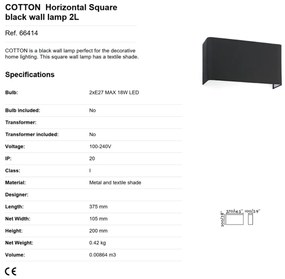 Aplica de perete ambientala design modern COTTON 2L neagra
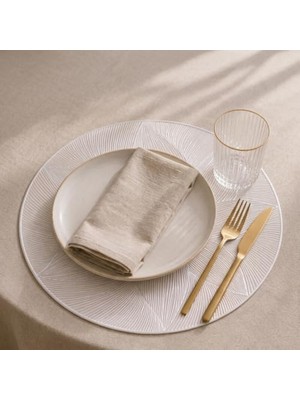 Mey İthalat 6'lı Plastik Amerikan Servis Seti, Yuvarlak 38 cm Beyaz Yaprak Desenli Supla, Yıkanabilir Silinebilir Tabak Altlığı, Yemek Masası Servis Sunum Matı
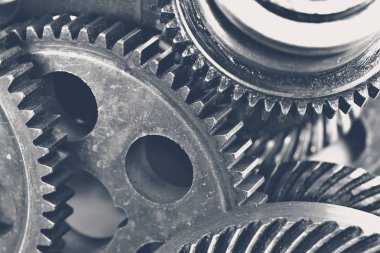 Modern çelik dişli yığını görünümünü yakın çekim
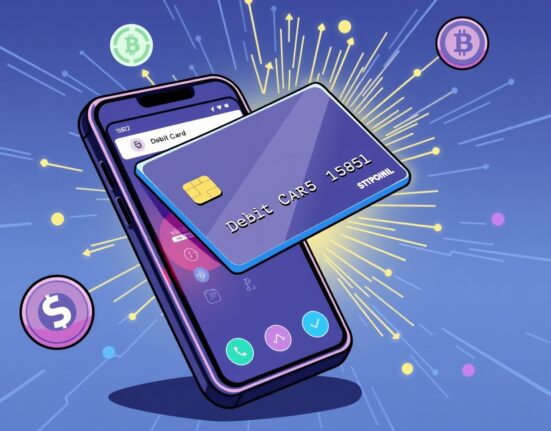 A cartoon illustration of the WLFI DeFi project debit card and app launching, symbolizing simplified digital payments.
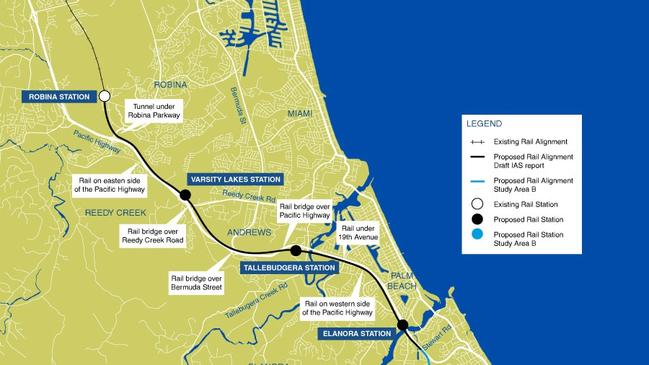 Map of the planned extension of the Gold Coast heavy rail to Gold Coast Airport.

***

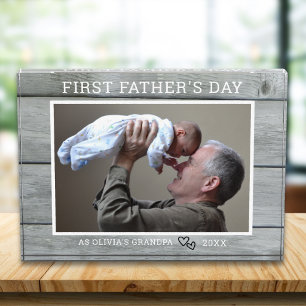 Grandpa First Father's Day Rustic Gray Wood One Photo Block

***

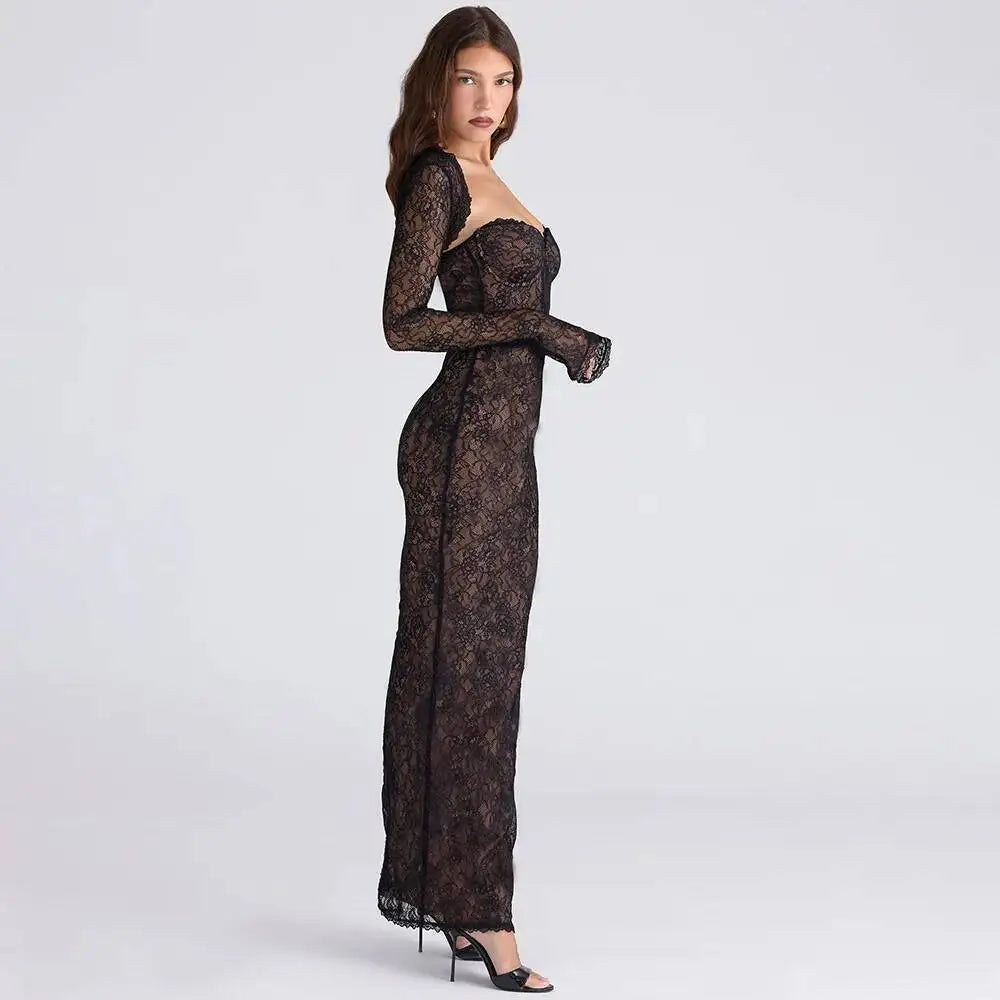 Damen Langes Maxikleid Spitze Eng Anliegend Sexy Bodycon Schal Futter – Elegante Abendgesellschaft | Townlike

***

# Required action:
Write out the lines above from the one with "Aplica de perete" through the one with "Map of the planned", ends included, exactly; no picture goes in.

# Answer:
 Aplica de perete ambientala design modern COTTON 2L neagra
 Mey İthalat 6'lı Plastik Amerikan Servis Seti, Yuvarlak 38 cm Beyaz Yaprak Desenli Supla, Yıkanabilir Silinebilir Tabak Altlığı, Yemek Masası Servis Sunum Matı
 Modern çelik dişli yığını görünümünü yakın çekim
 A cartoon illustration of the WLFI DeFi project debit card and app launching, symbolizing simplified digital payments.
 Map of the planned extension of the Gold Coast heavy rail to Gold Coast Airport.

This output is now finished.